Tout ceci nous fait comprendre que la machine de Nozick, c’est-à-dire
l’immersion de notre corps dans une configuration neuronale fictive paramétrée
selon notre conception du bonheur n’est en un sens, pas fictive du tout,
puisque elle insiste déjà dans notre mode de vie d’européen
« moyen ».
Nous évoluons donc déjà dans un mode de vie qui tente
d’atténuer voire de détruire tout ce que la réalité suppose de
« déconvenue », d’imprévisibilité, de surprise. Puisque le monde
n’est pas contrôlable, faisons en sorte de lui substituer « notre
monde » avec tous ces différents domaines aussi clairement catalogués et
lisibles qu’une page Facebook. Dans quelle mesure, la réalité de notre
personnalité ne tiendrait-elle pas précisément dans ce qu’elle recèle
d’illisible, de non publiable, de fondamentalement « non
Facebookien » ?
Nous préférons le bien-être d’une bulle de communication
virtuelle et de relation aux autres médiatisée que la confrontation effective
avec l’imprévisibilité d’un instant présent.
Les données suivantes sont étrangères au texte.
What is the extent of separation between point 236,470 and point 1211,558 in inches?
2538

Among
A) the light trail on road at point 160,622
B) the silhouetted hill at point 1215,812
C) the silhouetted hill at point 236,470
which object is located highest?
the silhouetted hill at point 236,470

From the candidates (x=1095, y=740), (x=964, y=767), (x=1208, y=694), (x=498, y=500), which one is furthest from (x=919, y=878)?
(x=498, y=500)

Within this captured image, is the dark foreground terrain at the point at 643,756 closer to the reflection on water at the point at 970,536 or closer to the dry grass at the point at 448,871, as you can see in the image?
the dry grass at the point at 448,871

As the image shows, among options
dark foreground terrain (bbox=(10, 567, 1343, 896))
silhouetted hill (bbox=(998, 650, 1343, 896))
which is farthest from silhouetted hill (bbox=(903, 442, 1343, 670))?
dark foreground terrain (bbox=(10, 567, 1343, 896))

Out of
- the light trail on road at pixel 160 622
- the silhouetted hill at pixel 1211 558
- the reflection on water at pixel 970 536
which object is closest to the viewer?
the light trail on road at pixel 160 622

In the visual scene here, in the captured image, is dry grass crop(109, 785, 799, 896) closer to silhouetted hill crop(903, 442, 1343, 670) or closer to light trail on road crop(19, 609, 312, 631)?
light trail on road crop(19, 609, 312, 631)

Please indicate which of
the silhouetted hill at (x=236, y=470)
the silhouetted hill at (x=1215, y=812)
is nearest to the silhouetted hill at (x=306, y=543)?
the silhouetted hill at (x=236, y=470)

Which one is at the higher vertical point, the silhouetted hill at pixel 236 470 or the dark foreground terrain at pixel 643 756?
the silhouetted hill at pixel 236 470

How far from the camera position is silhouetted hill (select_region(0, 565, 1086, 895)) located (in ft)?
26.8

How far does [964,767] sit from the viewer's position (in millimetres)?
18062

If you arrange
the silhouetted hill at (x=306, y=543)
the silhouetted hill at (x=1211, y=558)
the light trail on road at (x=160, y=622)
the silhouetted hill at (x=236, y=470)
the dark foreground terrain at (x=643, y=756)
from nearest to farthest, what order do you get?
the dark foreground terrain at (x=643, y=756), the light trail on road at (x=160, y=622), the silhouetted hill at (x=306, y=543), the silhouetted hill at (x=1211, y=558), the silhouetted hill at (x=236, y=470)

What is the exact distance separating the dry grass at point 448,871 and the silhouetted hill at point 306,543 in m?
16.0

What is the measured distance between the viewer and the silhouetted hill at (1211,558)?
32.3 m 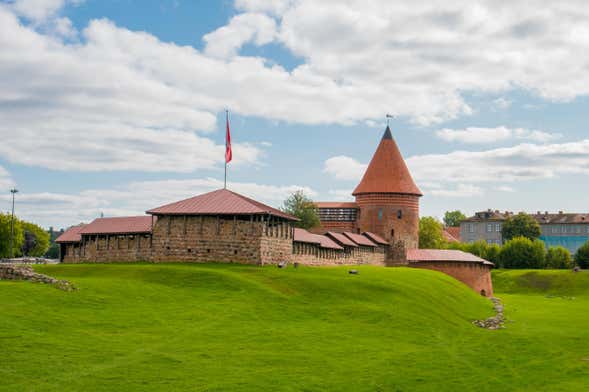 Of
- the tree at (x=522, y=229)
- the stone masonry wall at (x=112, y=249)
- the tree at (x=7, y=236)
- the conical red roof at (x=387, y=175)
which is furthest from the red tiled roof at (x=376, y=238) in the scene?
the tree at (x=522, y=229)

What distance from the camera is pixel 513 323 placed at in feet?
131

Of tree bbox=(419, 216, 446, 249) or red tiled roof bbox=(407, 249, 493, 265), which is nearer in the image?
red tiled roof bbox=(407, 249, 493, 265)

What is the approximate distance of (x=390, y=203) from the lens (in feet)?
255

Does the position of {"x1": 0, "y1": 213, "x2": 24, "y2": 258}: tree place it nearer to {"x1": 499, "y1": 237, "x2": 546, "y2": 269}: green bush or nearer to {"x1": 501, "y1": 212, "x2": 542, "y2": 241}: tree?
{"x1": 499, "y1": 237, "x2": 546, "y2": 269}: green bush

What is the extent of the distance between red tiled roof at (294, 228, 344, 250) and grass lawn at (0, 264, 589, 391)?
37.6 ft

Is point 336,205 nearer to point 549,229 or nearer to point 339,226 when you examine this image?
point 339,226

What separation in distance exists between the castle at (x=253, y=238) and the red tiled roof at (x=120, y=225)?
0.24 ft

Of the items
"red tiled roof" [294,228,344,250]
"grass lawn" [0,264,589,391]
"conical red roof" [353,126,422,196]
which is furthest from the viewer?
"conical red roof" [353,126,422,196]

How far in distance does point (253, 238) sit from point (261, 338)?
746 inches

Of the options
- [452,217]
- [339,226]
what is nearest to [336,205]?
[339,226]

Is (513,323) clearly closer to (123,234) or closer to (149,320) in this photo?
(149,320)

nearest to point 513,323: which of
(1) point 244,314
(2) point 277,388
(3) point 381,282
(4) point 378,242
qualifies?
(3) point 381,282

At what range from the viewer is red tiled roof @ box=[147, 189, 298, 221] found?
45250 mm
Mais ce bien-être correspond-t-il
authentiquement avec le bonheur ? Si nous interrogeons l’étymologie, nous
sommes bien forcés de répondre : « non ». Bonheur vient, en
effet, du vieux français bon « heur », qui lui-même dérive du latin
« augurium » : faveur accordée par les Dieux. Le bonheur est
donc originellement relié à la chance, à la bonne fortune, au
« signe » envoyé par la providence pour manifester une grâce, un
regard bienveillant et secourable. Le bonheur, c’est ce qui arrive « de
bien », étant entendu que cela arrive « vraiment ». Il se
différencie du plaisir parce que contrairement à ce dernier, il englobe
l’existence entière de celui qui l’éprouve : on n’est pas heureux de fumer
une cigarette ou de manger une tablette de chocolat. On ressent du plaisir à le
faire et c’est une réaction (voir le système de récompense). Le bonheur est tout le contraire d’une
réaction. On n’est pas heureux de ceci ou de cela, on est heureux d’être, et
pas d’avoir telle ou telle chose. Il est parfaitement indiscutable que l’argent
ne fait pas le bonheur, et ce n’est pas là l’affirmation de personnes naïves
qui seraient en dehors de la réalité (toute personne qui s’épuise à nous faire
savoir par quantité de signes extérieurs de richesse qu’elle a tout pour être
heureuse ne l’est pas, sans quoi elle ne serait pas si attachée à le faire
savoir).
Ce qui pose problème dans la machine de Nozick comme il le
dit lui-même dans son livre, c’est à la fois l’isolement et la programmation.
On ne peut pas être heureux de vivre autre chose que l’existence même, mais
l’expérimentateur de la machine de Nozick « existe-t-il » ? Non,
il ne fait que « vivre », exactement comme Cypher qui finalement
choisit de renoncer à assumer son existence pour s’offrir à la matrice,
c’est-à-dire à un programme qui le réduit de fait à ses fonctions vitales.